Black History Series | Benjamin Banneker

Benjamin Banneker, free Black, farmer, mathematician, and astronomer, was born on November 9, 1731, the son of freed slaves, Robert and Mary Bannaky, probably near the Patapsco River, southeast of Baltimore, Maryland, where his father owned a small farm.  For some years, Benjamin seems to have served as an indentured laborer on the plantation of Mary Welsh, who had dealings with the Bannaky family and in 1773, executed her dead husband’s instructions to release several of her labor force including “Negro Ben, born free age 43.”  She also left Benjamin a substantial legacy.  He lived alone as a tobacco farmer near the Patapsco River.

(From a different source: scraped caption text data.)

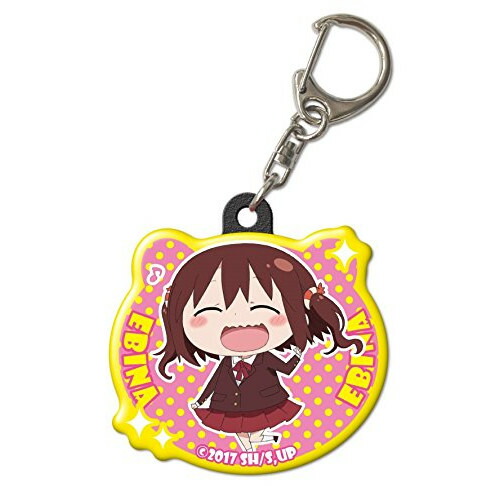 アニメグッズ / 「干物妹!うまるちゃんR」ぷくっとキーホルダー デザイン09(海老名)【アウトレット】画像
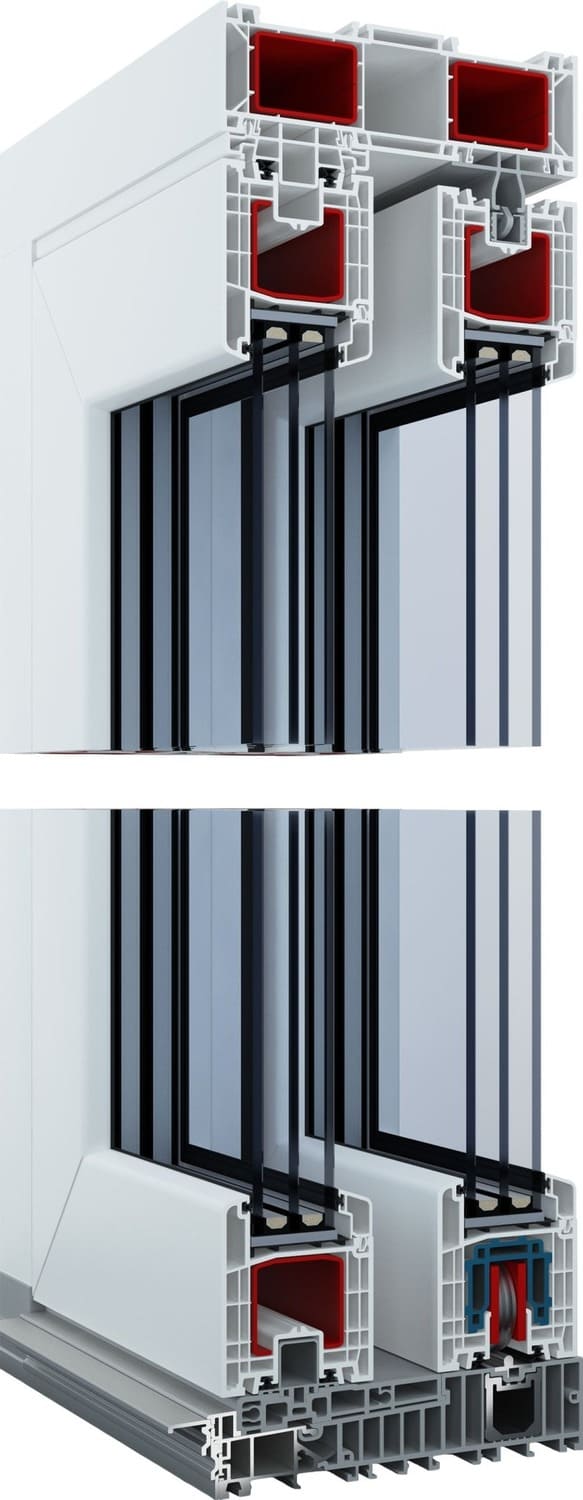 GEALAN S 9000 Hebeschiebetür - Fensterfabrik24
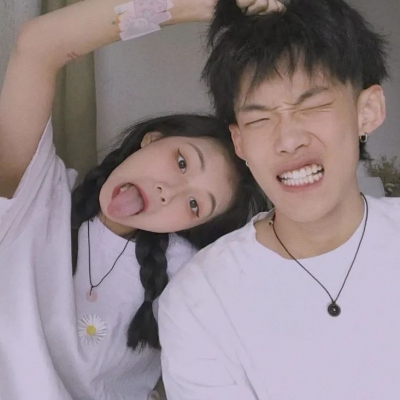 情侣头像气质双人甜蜜(共18张)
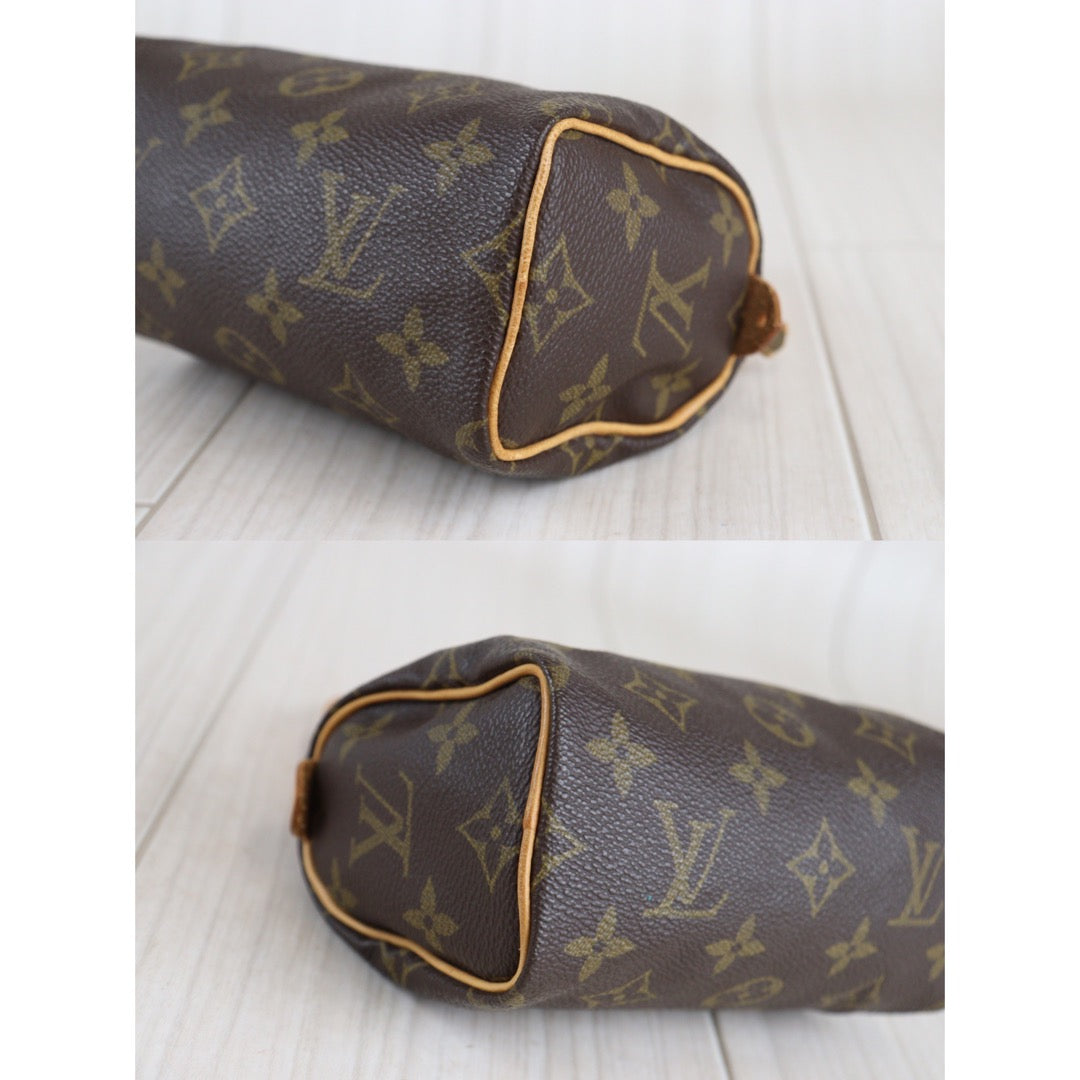 Rank AB ｜ LV Monogram Mini Speedy Handbag ｜23060113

By tradition, Banneker received only a brief education from a Quaker schoolmaster.  But he showed an early talent for mathematics and construction, when at the age of 21, he built a model of a striking clock, largely out of wood, that became renowned in his neighborhood.   He read widely and recorded his researches.  His skills drew him into contact with a wealthy white family, the Ellicotts, who had established flour mills and an iron foundry on the outskirts of Baltimore in the mid-1770’s.


In 1788, George Ellicott, a keen amateur astronomer, lent Banneker books and instruments that enabled him to construct tables predicting the positions of the stars and future solar and lunar eclipses.  Three years later, Andrew Ellicott hired Banneker to assist him in surveying the boundaries of the ten-mile square site of the future Federal capital of Washington, D.C.  In that year, too, Banneker won the backing of several Philadelphia supporters of the anti-slavery cause to print his work in the popular form of an almanac.  Its 1792 publication, introduced by letters showing how Banneker’s accomplishments disproved the myth of Negro inferiority, was a considerable success and produced twenty-seven further editions of “Banneker’s Almanac” over the next five years.  Banneker, sent a manuscript copy of his work to Secretary of State, Thomas Jefferson, along with a plea against the continuance of Black slavery and received a courteous, if evasive reply.  But Jefferson praised Banneker as “a very respectable mathematician” in forwarding the manuscript to the notice of the French Academy of Sciences.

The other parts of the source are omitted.